Work required:
For each entry, output its words exactly and leave any picture behind.

Data provided:
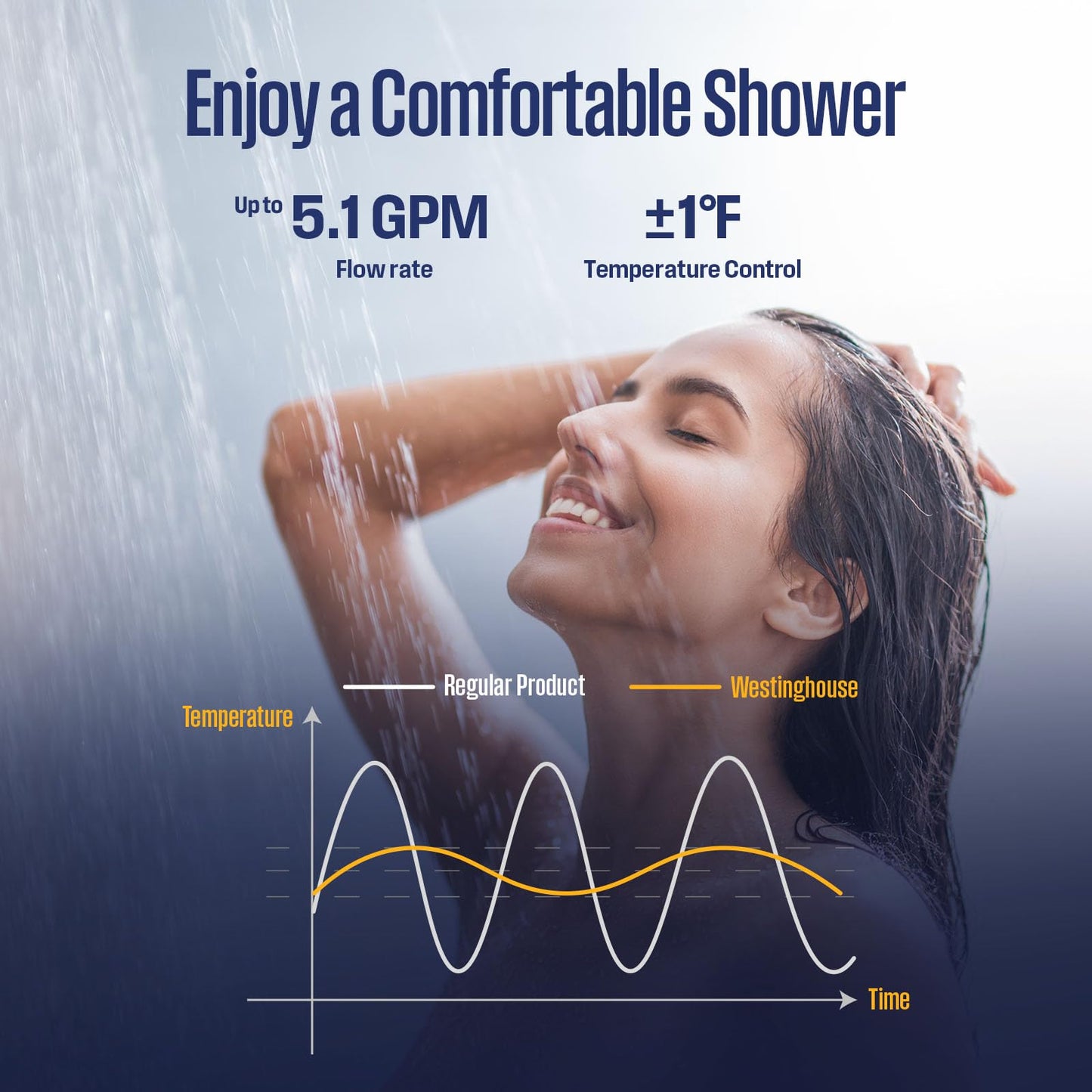 Westinghouse Tankless Water Heater Gas, 5.1 GPM 120,000 BTU Indoor Natural Gas Heater Whole House, Smart WiFi&App Control, CSA Certified, ±1°F Temperature Stability, Non-Condensing for 2-4 Fixtures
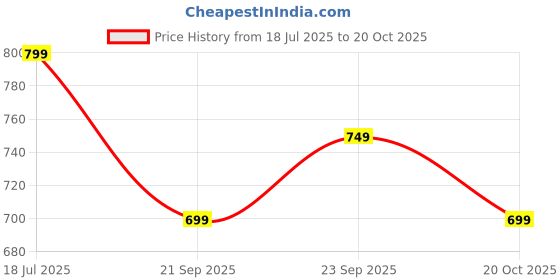 myntra.com The Souled Store Men Naruto Graphic Printed Round Neck Pure Cotton T-shirt the souled store Price History Graph from 18 Jul 2025 to 20 Oct 2025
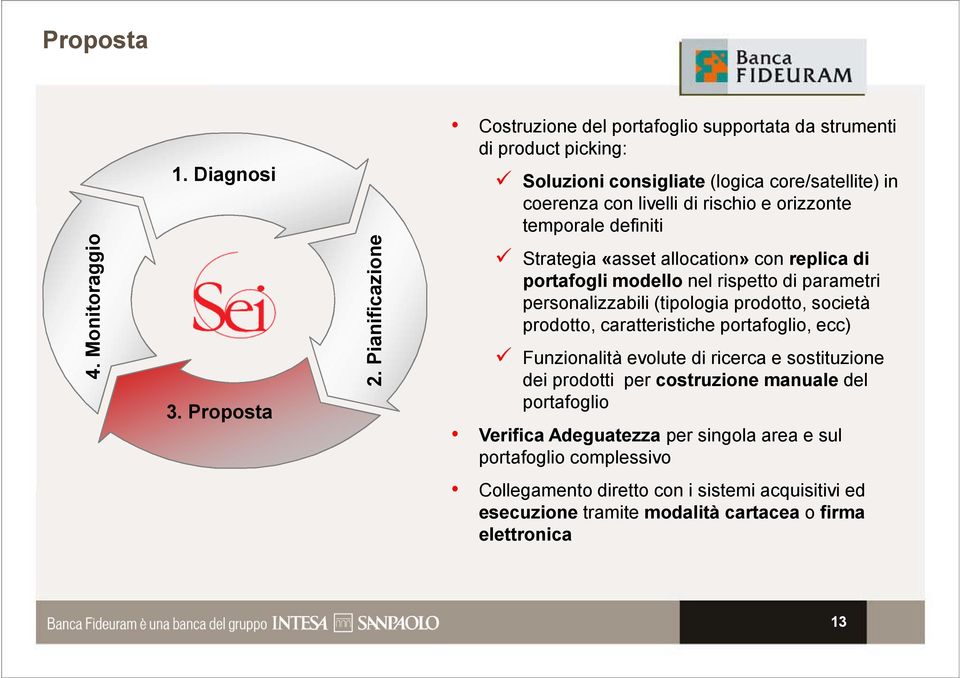 Proposta coerenza con livelli di rischio e orizzonte temporale definiti Strategia «asset allocation» con replica di portafogli modello nel rispetto di parametri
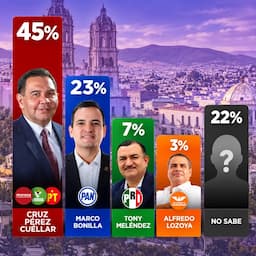 Cruz alcanza 45% de preferencias y aventaja por 22 puntos a Marco Bonilla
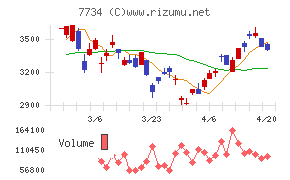 理研計器チャート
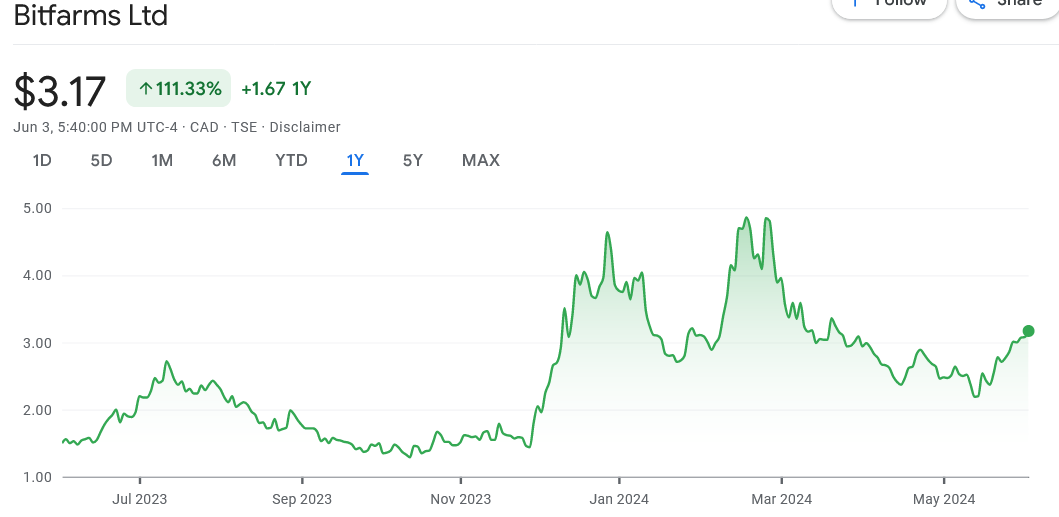 比特币减半全面生效:Bitfarm加密货币挖矿收入5月份下降42%插图1 比特币减半全面生效:Bitfarm加密货币挖矿收入5月份下降42%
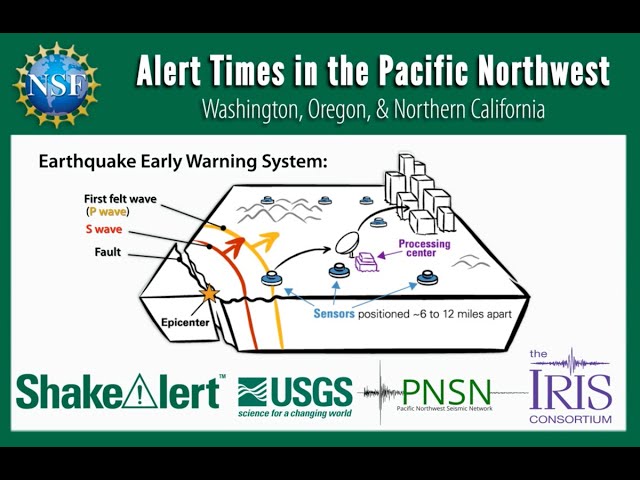 Earthquake Alert Times in the Pacific Northwest (ShakeAlert, 2021)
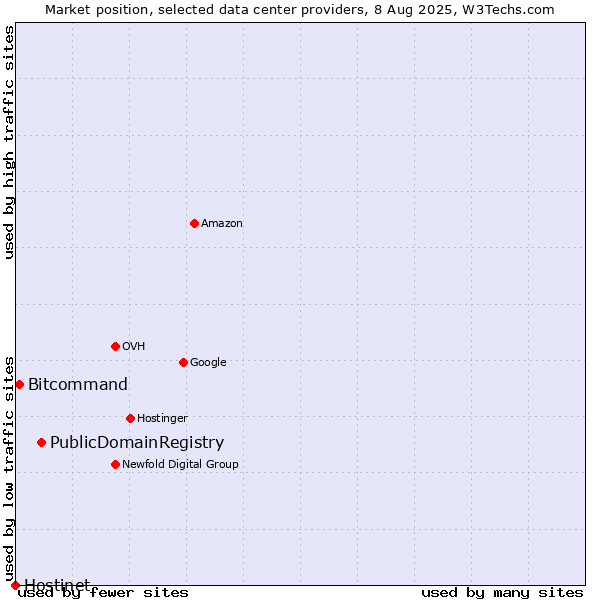 Market position of PublicDomainRegistry vs. Bitcommand vs. Hostinet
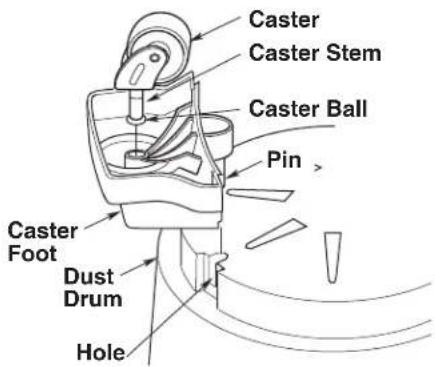 Caster Caster Stem Caster Ball Pin > Caster Foot Dust Drum Hole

Exercise answer:
 Westinghouse Tankless Water Heater Gas, 5.1 GPM 120,000 BTU Indoor Natural Gas Heater Whole House, Smart WiFi&App Control, CSA Certified, ±1°F Temperature Stability, Non-Condensing for 2-4 Fixtures
 myntra.com The Souled Store Men Naruto Graphic Printed Round Neck Pure Cotton T-shirt the souled store Price History Graph from 18 Jul 2025 to 20 Oct 2025
 Proposta coerenza con livelli di rischio e orizzonte temporale definiti Strategia «asset allocation» con replica di portafogli modello nel rispetto di parametri
 Cruz alcanza 45% de preferencias y aventaja por 22 puntos a Marco Bonilla
 理研計器チャート
 比特币减半全面生效:Bitfarm加密货币挖矿收入5月份下降42%插图1 比特币减半全面生效:Bitfarm加密货币挖矿收入5月份下降42%
 Earthquake Alert Times in the Pacific Northwest (ShakeAlert, 2021)
 Market position of PublicDomainRegistry vs. Bitcommand vs. Hostinet
 Caster Caster Stem Caster Ball Pin > Caster Foot Dust Drum Hole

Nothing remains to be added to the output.